Doğu - Güneydoğu’ya satılan HDP ile Batı’ya satılan HDP aynı değil. Hatta Batı’ya satılan HDP’nin bile satış yapılan mahallelere göre farklılaşması söz konusu.
HDP, Doğu - Güneydoğu’da Kürt milliyetçiliği satıyor. Öyle bir pazar oluşturdu. Ancak bu pazarda bile alıcısı çok değil. Çünkü bir, sattığı malın cinsi - kalitesi müşterilerin beklentisine uygun değil, hatta defolu, ikincisi satıcılara güven yok.
Sonuçta Doğu - Güneydoğu’da pazarın müşteri çoğunluğu Kürtlerden oluşuyor. İslami karakterleri çok belirgin olan Kürt toplumunda ümmet bilinci ulus bilincinden çok öncelikli. Artı, ümmet bilinci içinde bir de millet bilinci saklanmış olsa bile, bunun marksist - ateist hormonla bulanmış hali Kürtlere yabancı. Bu durum son versiyonu HDP olan hareketin, Kürtlere empozesini ancak silah zoruna bağlı hale getiriyor. Ki öyle de oldu. On yıllar içinde hareket kendini Kürtlere “terör” ile empoze etti. Örgütün çatışması ülkenin güvenlik kuvvetleriyle oldu ama terörün fiili cenderesi, bölge halkı üzerinde gerçekleşti.

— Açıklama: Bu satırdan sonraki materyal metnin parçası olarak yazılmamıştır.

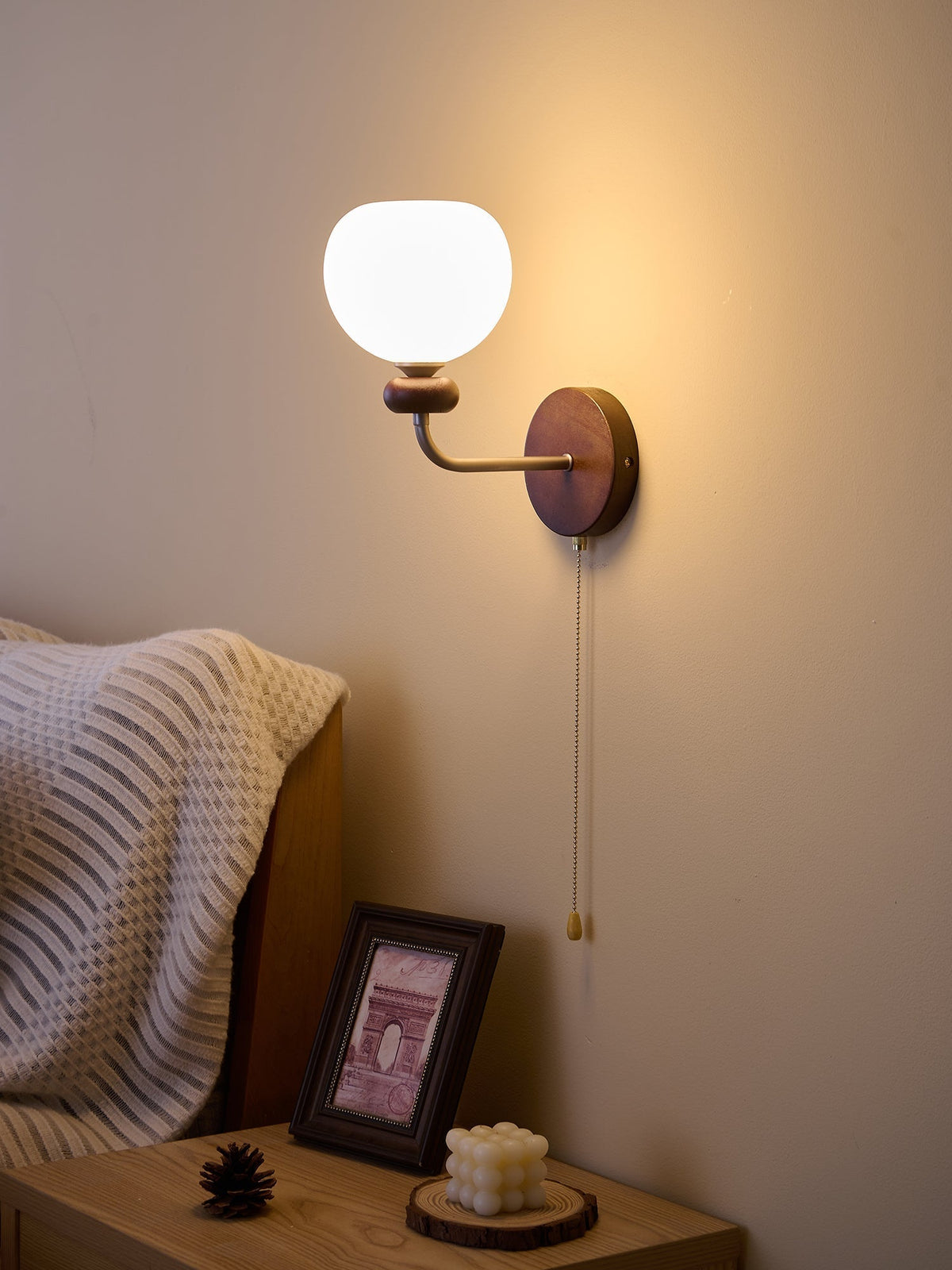 Lucille elegantie klassiek Art glas Hout wandlamp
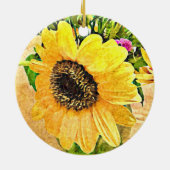 紫色のバラおよびテディー・ベアのヒマワリのオーナメント セラミックオーナメント (裏面)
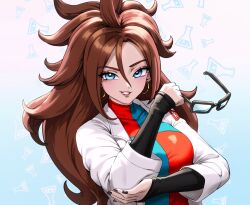 Rule 34 | android 21, blue dress, brown hair, checkered clothes, dragon ball, dragon ball fighterz, dress, earrings, glasses, holding, holding removed eyewear, hoop earrings, jewelry, lab coat, lipstick, long hair, looking at viewer, makeup, pea-bean, red dress, smile, tagme, unworn eyewear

Bugün de seçim atmosferinin gerçeği yine terördür. Doğu - Güneydoğu’da seçim denince en başat gündem seçim güvenliği oluyorsa, bu, bölge insanının nasıl bir örgüt cenderesine maruz kaldığını gösterir.
Ama bu gerçek, Ak Parti’den kurtulmak için bütün yatırımını HDP üzerine yapan, “Proje odakları”nın asla görmediği bir husus. Görmediği ve göstermediği.
Doğu - Güneydoğu’daki seçim iklimini Batı’ya taşısalardı, o zaman, HDP, terörün ön yüzü haline gelecek ve asla alıcısı bulunmayacaktı.
Ama bütün proje HDP’nin barajı aşmasına bağlandığı ve bunun için de HDP’nin Batı’dan oy alması gerektiği için, Batı’ya pazarlanacak bir HDP imal etmek lazım, bu da “Barış”ı diline pelesenk etmiş bir sözcülükle mümkün. İşte Selahattin Demirtaş güzellemeleri bu projenin içinden çıkıyor.